Characteristics not mutually exclusive.

Table 3.

Effect of patient subgroups on incidence rate ratio of CLABSI in the post- vs. pre-repair period, adjusted for days off antibiotics

Characteristic	IRR^a	95% CI	P value^b
Age:
≤3 years	3.73	0.88 – 15.72	0.31
>3 years	4.49	0.98 – 20.63
Primary diagnosis:
Cancer	3.95	1.16 – 13.51	0.65
Short bowel syndrome	11.82	0.77 – 181.88
Immunocompromised:
Yes	4.05	1.20 – 13.67	0.91
No	4.15	0.55 – 31.61
Parenteral nutrition:
Yes	3.93	0.97 – 15.83	0.89
No	4.27	0.88 – 20.60
Catheter Type:
PICC^c	0	NA	0.28
Tunneled	4.25	1.46 – 12.37
Repair Type:
Glued	5.24	1.14 – 24.09	0.81
Glue-less	3.42	0.65 – 17.91

Open in a new tab

IRR = Incidence rate ratio, PICC = peripherally inserted central catheter

Within-patient incidence rate ratio based on conditional Poisson regression for matched data for subgroups

Based on Wilcoxon rank sum test of comparison of median incidence rate differences between two groups

There were no infections in the post-repair period for PICC, therefore confidence intervals could not be generated.

The distribution of organisms isolated from our patient population included coagulase negative staphylococci (36%), viridans group streptococci (9.8%), Escherichia coli (9.8%), Enterococcus faecalis (8.2%) and Staphylococcus aureus (8.2%). Overall, 8% of isolates were drug-resistant organisms (methicillin-resistant S. aureus and vancomycin-resistant Enterococcus), and 10 out of the 53 cultures were polymicrobial. A total of 8 patients had at least 1 episode of bacteremia both in the month before and the month after repair of the CVC. Of those 8, two had the same organism isolated during both periods. In one case the organism was S. aureus, and there was an interval of 56 days between the two episodes. In the other case, the organisms were coagulase negative staphylococci, and there was an interval of 31 days between the positive blood cultures.

Very few serious sequelae occurred during the study period. Eight patients spent time in the ICU in the post-repair period, but the indications for transfer were not related to CVC complications or CLABSI. No patients died during the study period. Twenty-one (25.6%) patients had their CVC removed within the 30 days following repair, due to malfunction (48%), infection (33%), or because the CVC was no longer required for therapy (19%).

DISCUSSION

To our knowledge, this is the first study to examine the relationship between CVC repair and risk of bacteremia or CLABSI. We found a markedly increased risk of developing both bacteremia and CLABSI in the 30 days following repair of a broken CVC. This relationship was even more striking after restricting the time at risk to days without antibiotics and, therefore, days at greatest risk of CLABSI.

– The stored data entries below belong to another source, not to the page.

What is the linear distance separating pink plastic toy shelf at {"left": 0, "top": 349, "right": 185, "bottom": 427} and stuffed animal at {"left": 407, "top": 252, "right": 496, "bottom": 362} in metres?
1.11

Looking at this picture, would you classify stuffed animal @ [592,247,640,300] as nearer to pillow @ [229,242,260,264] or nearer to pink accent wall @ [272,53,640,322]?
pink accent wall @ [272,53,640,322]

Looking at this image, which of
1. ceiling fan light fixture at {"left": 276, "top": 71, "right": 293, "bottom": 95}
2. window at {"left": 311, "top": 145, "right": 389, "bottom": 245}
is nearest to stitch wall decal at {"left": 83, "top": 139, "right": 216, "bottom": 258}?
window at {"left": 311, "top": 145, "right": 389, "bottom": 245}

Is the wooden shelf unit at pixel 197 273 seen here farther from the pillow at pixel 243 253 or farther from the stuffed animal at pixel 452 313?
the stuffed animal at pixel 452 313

One prior study assessed repair kit outcomes in adults, in terms of subsequent functionality and longevity of the catheter itself, but did not assess the risk of infection.¹⁷ Logically, compromised integrity of the sterile lumen of a CVC could facilitate entry of bacteria into the bloodstream, but data to support this hypothesis have been lacking. This study demonstrates that repair of a broken CVC in pediatric patients is associated with a 2–4 fold higher risk of CLABSI during the 30 days following repair. Quantification of this risk may help to inform individual patient care decisions, but also highlights opportunities to optimize hospital policies regarding management of CVC breakage.

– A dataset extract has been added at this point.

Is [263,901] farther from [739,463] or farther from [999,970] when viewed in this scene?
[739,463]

The risks and cost of surgical replacement of a broken CVC may still outweigh the risks of CLABSI due to repair in some patients. However, alternative measures might help to mitigate this increased risk post-repair. Our data are consistent with a higher risk of bacteremia or CLABSI during days off antibiotics, which support a possible role for antimicrobial prophylaxis after catheter repair. Some attractive potential strategies include antibiotic or ethanol locks following CVC repair to reduce CLABSI.^13,14,15 For example, vancomycin locks, which are the best studied antibiotic lock,^16,17 could theoretically impact the outcome of nearly 60% of the CLABSI observed in our study (those due to organisms susceptible to vancomycin). In addition, formal risk-stratification criteria could be developed to determine the relative risks of CVC repair (with or without the use of adjunctive antimicrobial strategies) versus replacement.

Young age and underlying medical condition (malignancies) have been shown to be closely associated with increased rates of CLABSI in certain populations.² In our study, we found that parenteral nutrition was associated with risk of CLABSI in the pre-repair period. However, we did not find that age, underlying diagnosis, immunocompromised state, parenteral nutrition, catheter type, or repair type modified the effect of catheter break and repair on the risk of CLABSI. Our study was not designed to specifically evaluate this issue, however, and power to detect such differences was limited. Additional prospective studies would be valuable to determine which patient groups are at highest risk of CLABSI following catheter repair, and might benefit most from an alternative approach.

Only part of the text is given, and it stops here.